### Dataset extract
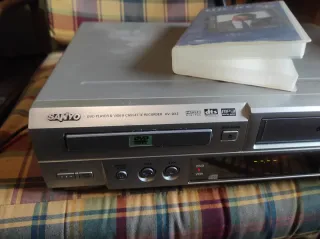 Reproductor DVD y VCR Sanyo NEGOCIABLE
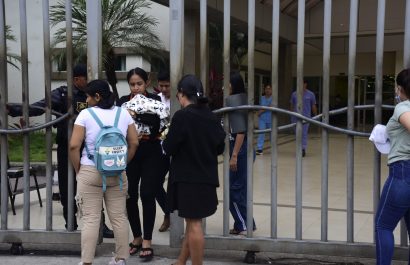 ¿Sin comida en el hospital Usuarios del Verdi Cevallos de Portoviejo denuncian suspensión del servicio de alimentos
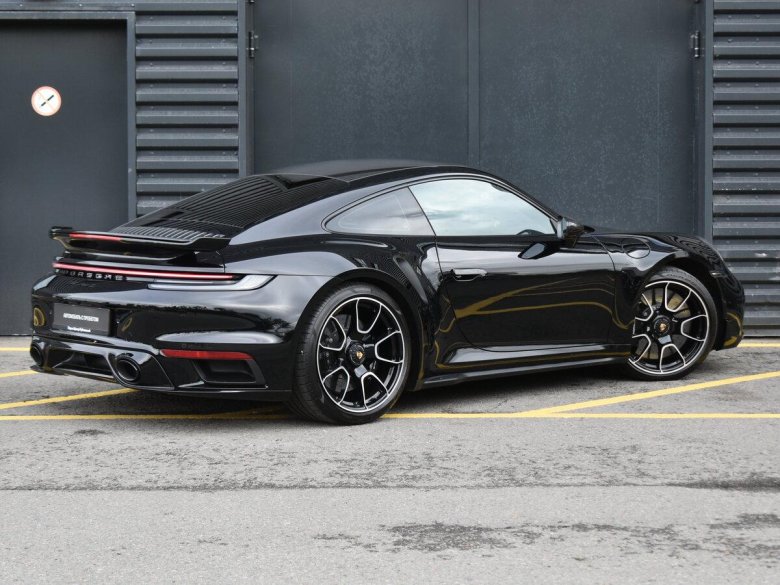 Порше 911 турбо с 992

### Task requirements
Would you output the full listing exactly as it stands, minus the images?

### Written answer
 Reproductor DVD y VCR Sanyo NEGOCIABLE
 ¿Sin comida en el hospital Usuarios del Verdi Cevallos de Portoviejo denuncian suspensión del servicio de alimentos
 Порше 911 турбо с 992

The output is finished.